Segundo o comunicado, a Comissão está consciente da situação desde 2008, quando um relatório de avaliação chamou a atenção para a falta de implementação da diretiva do bloco. A Caritas Europa pede que a Comissão Europeia lance processos por infração contra os Estados-Membros que ainda não se adaptaram às normas europeias.

O comunicado se refere em particular às burocracias relacionadas com a reintegração familiar, à proporcionalidade das medidas de integração e das condições materiais adicionais, e das provas requisitadas dos beneficiários de proteção internacional.

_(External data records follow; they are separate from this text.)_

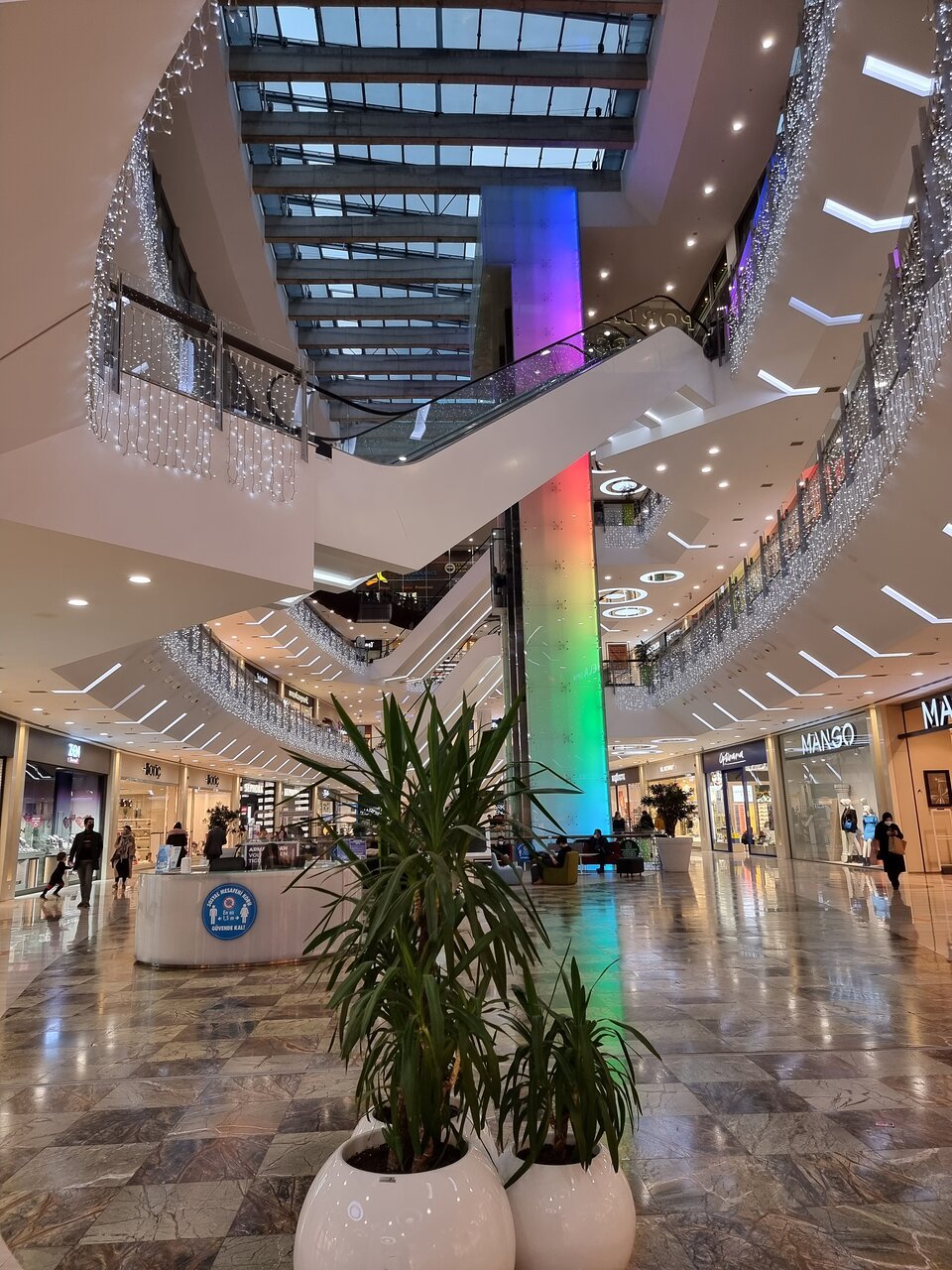 Armada Shopping And Business Center - Gallery Photo 5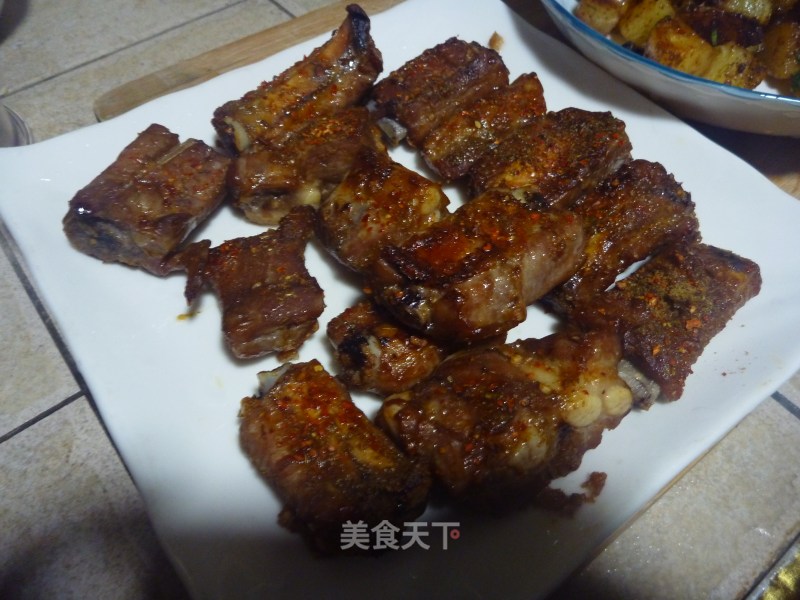 The Best Way to Die for Pork Ribs ~ Classic Garlic Pork Ribs ~ Spicy Roasted Potatoes recipe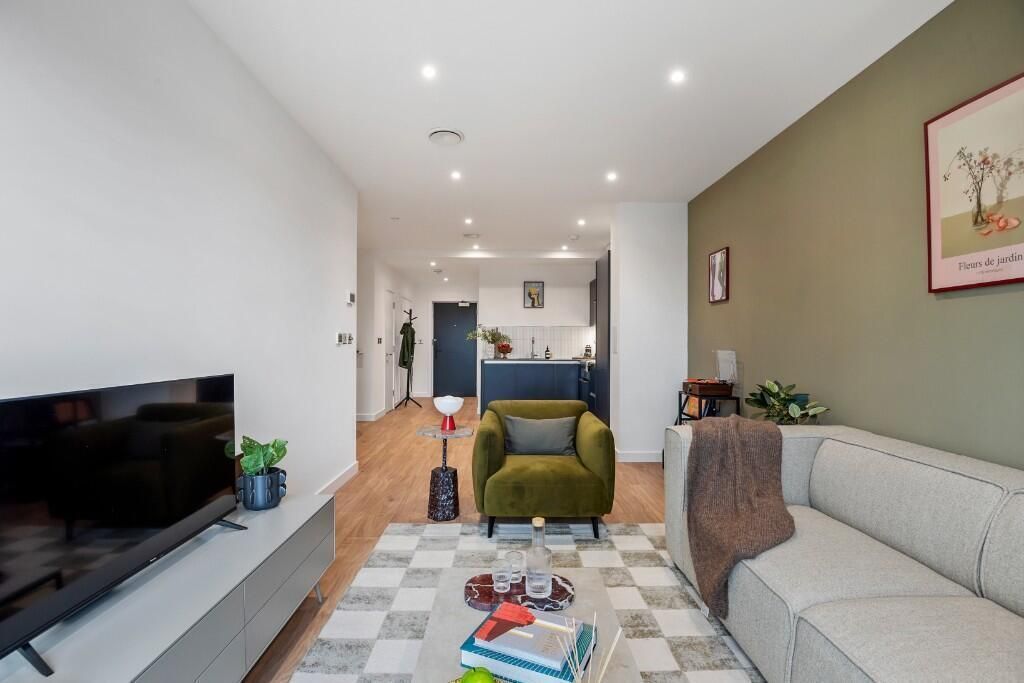 Property photo 2 of 17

"A Caritas Europa considera a família um valor inalienável que corresponde às exigências mais profundas e à dignidade da pessoa. A reintegração familiar é um direito protegido pelo artigo 8º da Convenção Europeia dos Direitos Humanos e pelo artigo 7º da Carta dos Direitos Fundamentais da União Europeia", recorda o comunicado.

A organização pede que a Comissão Europeia e os Estados-Membros considerem os seguintes oito pontos:

- remover obstáculos práticos à reintegração familiar;

- tornar a duração do processo o mais curta possível;

- avaliar a proporcionalidade e o acesso às medidas de reintegração familiar;

- transformar igualdade e proporcionalidade nos princípios norteadores de qualquer condição material ou de habitação;

- os beneficiários de proteção subsidiária devem ter os mesmos direitos que favorecem os refugiados;

- esclarecer que o limite mínimo de idade para o casamento deve ser a maioridade e reavaliar como combater os casamentos forçados;

- esclarecer a definição de membros da família e de parentes dependentes que têm direito à reintegração familiar com base na proporcionalidade e na não-discriminação;

- garantir o acesso às autorizações de residência para o trabalho autônomo ou independente.